I’m a new student affairs professional. With just six months under my belt, I can’t exactly say that I’ve mastered the balancing act between work and life. Living in the Age of “Weisure” has threatened the very well-being of my inner tightrope walker. Work and leisure have become a dangerous, yet delicious frappucino – completely blended.
Let’s admit it: there are definitely those days when we are permanently glued to our desk chairs, too engrossed to take a bathroom or lunch break. When we finally have a moment look at the clock, it’s 6:30 p.m. already. We drink from the fountain of coffee and soda from our student center vendors just to pump ourselves full of caffeine. We try (and sometimes fail) to resist the wafting aroma of french fries from some unnamed fast food chain just around the corner from our offices. It’s easy to fall into an unhealthy lifestyle after a while. I learned my lesson the hard way: I acquired high blood pressure during grad school at the ripe age of 23.
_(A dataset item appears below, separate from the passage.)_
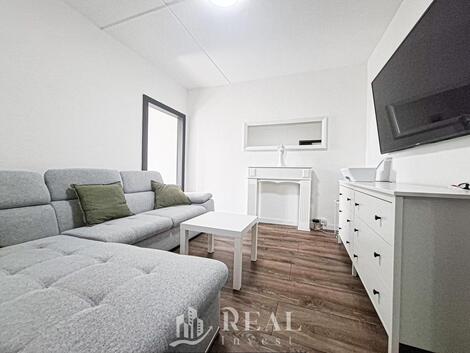 foto02_11536578_1me9v8.jpg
My personal challenge struck me: How can we possibly balance it all? We preach to our students about maintaining balance in their lives, but we rarely consider it for ourselves. One technique that I’ve found helpful is using the SPICES Model of Wellness.
The SPICES Model explores six dimensions of our lives that require balance: Spiritual, Physical, Intellectual, Career, Emotional, and Social. I have often run an activity with my students where we look at the model and evaluate which areas we prioritize and which fall to the wayside. The elements are portrayed in the model as six different circles in our lives. I ask my students to cut out a number of different sized circles, ranging from tiny to average to large and label each circle with one of the six SPICES elements. The larger (or smaller) the circle, the less balanced the element is. We then visualize our priorities and talk about how balance is essential to maintaining not only quality of life, but quality of work as well. And we as student affairs professionals should learn to take our own advice more often.
I try to remember that it’s not about making sure that all of the dimensions take up the same amount of my time, but that it’s a balanced fit for me. Every time I look at this model, I re-evaluate what’s going on in my life. It’s neat and clean, easy to teach, and I find it fun to take time out of my day to reflect. Take some time to shut down your computer and let the SPICES Model challenge you to identify your priorities in the Age of Weisure.
Have you been intentional about separating work from leisure? And how do you find balance in your life?